Their passage through the long and narrow Strait of Magellan, seventeen weeks of struggle against strong and contrary winds was particularly gruelling as far as the under-officered and ill-equipped Swallow was concerned. She was in bad shape and continuously lagged behind as Carteret urged that she should be sent home. 

Wallis replied that, since their orders tasked the Swallow with accompanying the Dolphin, she would have to do so for as long as possible. He promised to wait when Swallow fell behind, and offer assistance if necessary, but three weeks later off Cape Pillar at the western exit of the strait the two vessels separated in conditions which discouraged Wallis from waiting in the vicinity. 

To Wallis, this was, in effect, a happy accident. To Carteret, who had grievances over supplies being carried aboard the larger vessel, it bordered on desertion. While Carteret suspected he had been abandoned, the explanation lies in the combination of the weather conditions and the different sailing qualities of the two vessels, which then went on to complete their voyages independently. 

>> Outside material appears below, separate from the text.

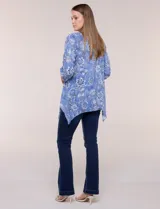 Blusa azul con estampado floral, escote en V, abotonadura frontal y mangas tres cuartos con presilla para arremangar. Cuenta con un diseño amplio y ruedo asimétrico en punta.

Carteret crossed the Pacific further south than anyone to that time in an unsuccessful search for Davis Land, discovering Pitcairn Island, and made the first European sighting of the New Hebrides since Mendaña two hundred years earlier, though he did not identify islands. In the process, he sliced a fair chunk off the notional undiscovered continent and subsequently carried out useful surveys around New Britain.